Required action:
Print the listing below only from the line that has "Bcl-W Antibody in Immunohistochemistry (IHC)" through the line that has "Giác mạc chóp: Nguyên", exactly, and drop any picture.
Segment Start: Provided data
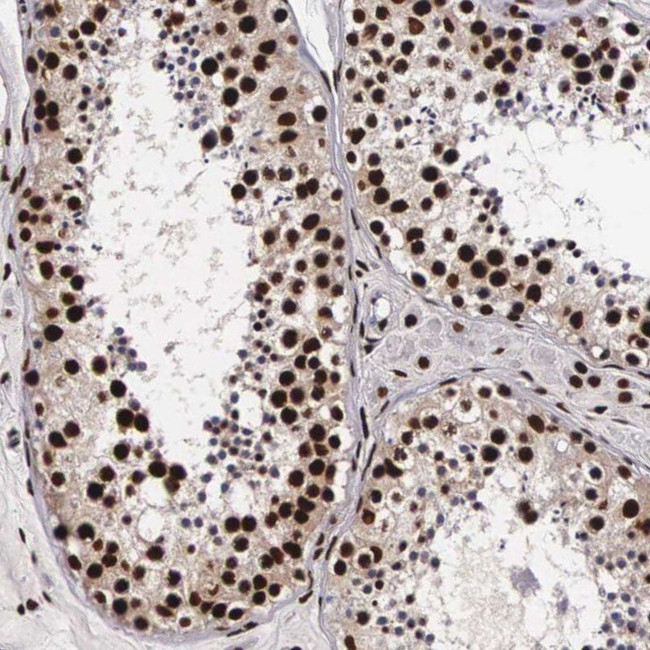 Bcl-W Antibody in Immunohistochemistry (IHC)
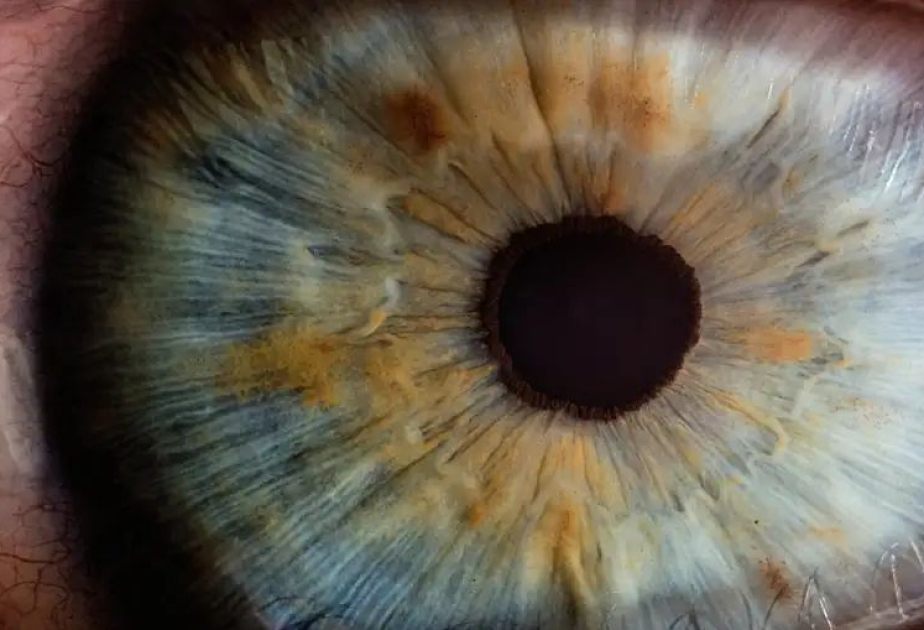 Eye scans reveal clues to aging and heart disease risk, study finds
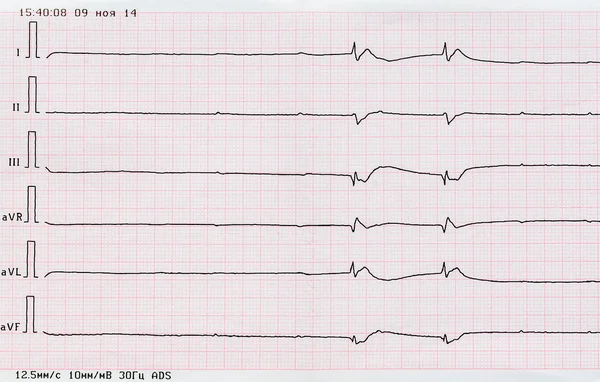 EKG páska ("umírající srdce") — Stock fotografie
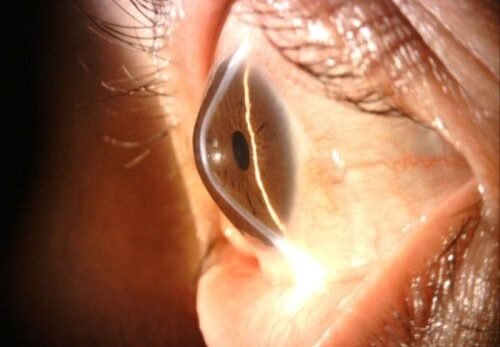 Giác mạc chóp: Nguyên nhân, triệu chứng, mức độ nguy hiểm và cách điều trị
Segment End: Provided data
Segment Start: Provided data
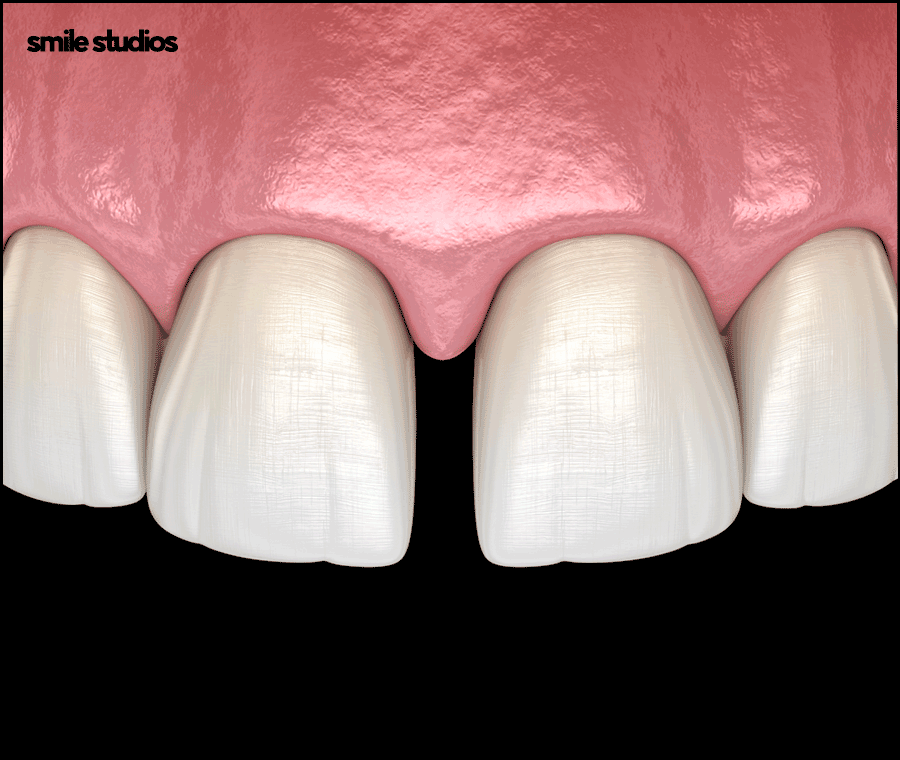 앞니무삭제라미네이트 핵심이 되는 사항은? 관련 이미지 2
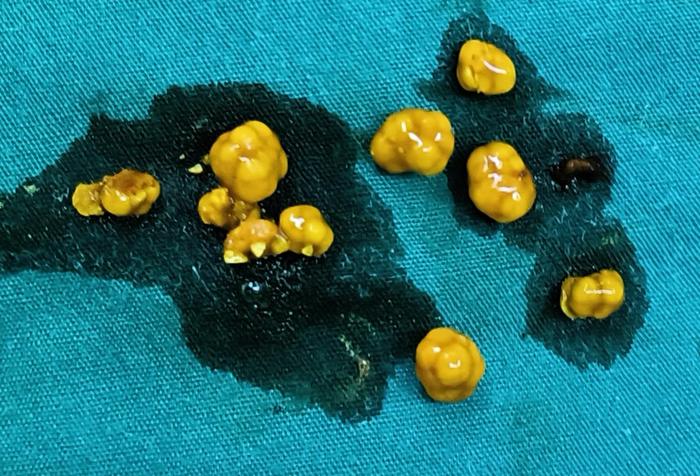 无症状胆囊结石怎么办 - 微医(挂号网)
Segment End: Provided data
Completed exercise:
 Bcl-W Antibody in Immunohistochemistry (IHC)
 Eye scans reveal clues to aging and heart disease risk, study finds
 EKG páska ("umírající srdce") — Stock fotografie
 Giác mạc chóp: Nguyên nhân, triệu chứng, mức độ nguy hiểm và cách điều trị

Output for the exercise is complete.